If the current slowdown is cutting into your revenue, you might need to do your own cutting -into expenses. One easily overlooked area, insurance premiums, can yield hundreds of dollars a year in savings.
Experts say to review coverage annually, or more often as circumstances change. Consider these key points:
TRUCK VALUE. Because equipment depreciates, you’re almost bound to get a reduced physical damage premium if you haven’t checked your stated value in a year or more. It can be difficult to estimate your equipment’s value, so call your agent.
And don’t kid yourself about insuring your truck for an inflated value, figuring you’d simply get a little cream if it were totaled. “Typically you’d get the lesser of the actual cash value or the stated value,” says Cory Fischer, a product manager for insurance provider Progressive.
DEDUCTIBLE. A rough economy can call for taking more calculated risks. The emphasis is on calculated, though. Moving to a higher deductible to lower your premiums is a great idea as long as you can cover that deductible. Or, in the case of an independent, it could mean covering damage and cargo deductibles in the same wreck, as well as costs such as downtime and legal fees. Business-related insurance isn’t worth much if it doesn’t ensure that you at least pop back to the surface after being swamped by accident-related costs.
Most owner-operators go with a $1,000 damage deductible, says Brent Hogan, an underwriting manager for Zurich North America Commercial. But “if you’re willing to have a little more skin in the game,” bumping up to a $2,500 deductible provides a modest savings on premiums, he says.
Some companies offer single deductibles on multiple coverages, such as damage and cargo, Hogan says. This can at least reduce your risk in a major accident.
YOUR OPERATION. When your business changes in big ways – type of freight, lanes, type of trailer pulled – it could mean you need more or less coverage. That’s one of the most common factors owner-operators overlook, Hogan says. For the most accurate and cost-effective coverage, he says, give your insurance agent as much detail as possible.
DEALS, DEALS, DEALS. Insurance companies, as with any other competitive sector, are always looking for creative angles to snare new business. “Companies are constantly changing rates, offering new discounts,” Fischer says. Such offers could be based on years accident-free or years leased to the same carrier. “If you’ve turned 40, you might get a lower rate with us than the year before,” he says.
Those who have trucking-related policies with different companies can often find a better deal by bundling policies with one provider, he says.
SHOP AROUND. With all the adjustments and decisions involved in leasing to a new carrier, carrier-offered insurance that’s done with a settlement deduction can be attractive to owner-operators because of its convenience. “All too often, they take the easy way out,” Fischer says. Instead, try to find a better deal by shopping with agents who know trucking.

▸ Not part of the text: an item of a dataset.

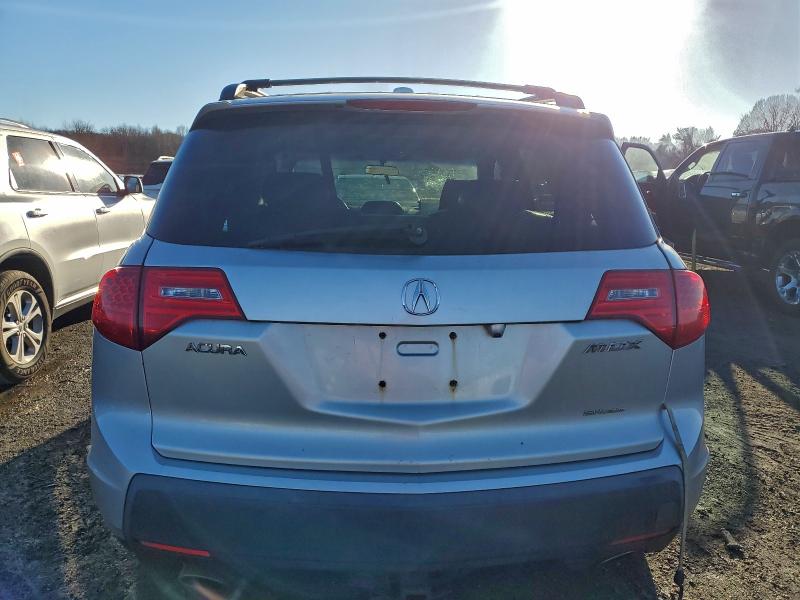 Photo 6 from auction – 2007 ACURA MDX TECHNO with VIN 2HNYD28417H549247
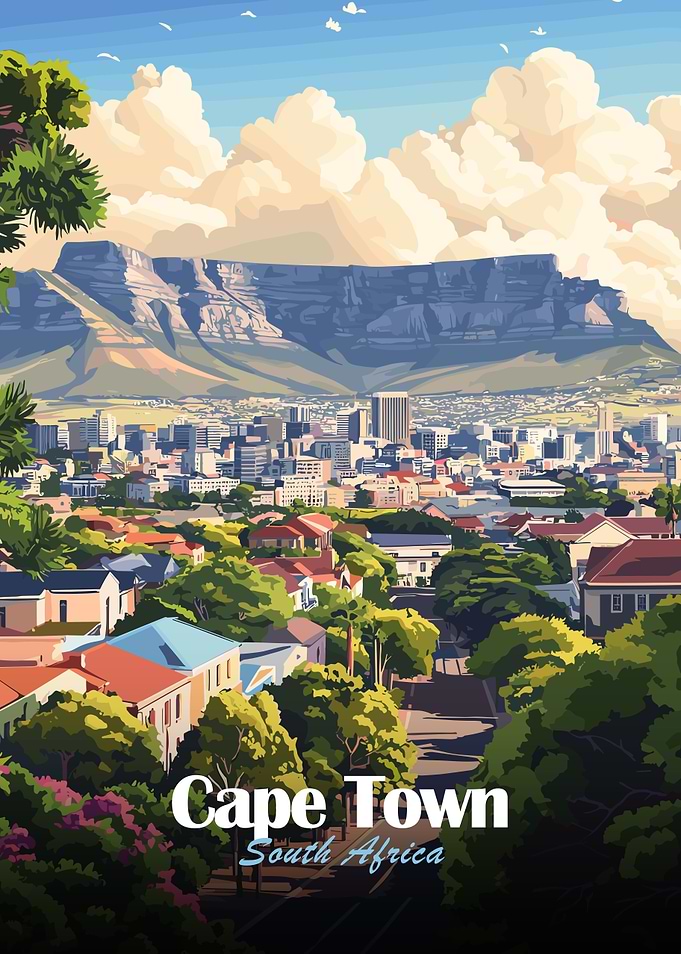 Cape Town Cityscape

As you compare policies, look beyond the premium, Fischer says. For example, does a policy have a cap on a towing fee or will it cover any towing fee? Does a policy provide partial or full reimbursement for a rental truck while yours is repaired?
AVOID FINANCING PREMIUMS. Because some companies require a big part of a year’s premium be paid up-front, some owner-operators – especially those whose bad driving or credit record requires a huge down payment – get that amount financed, Hogan says. Instead, he suggests, check with the provider to see if a lower-cost, flexible payment plan can be worked out.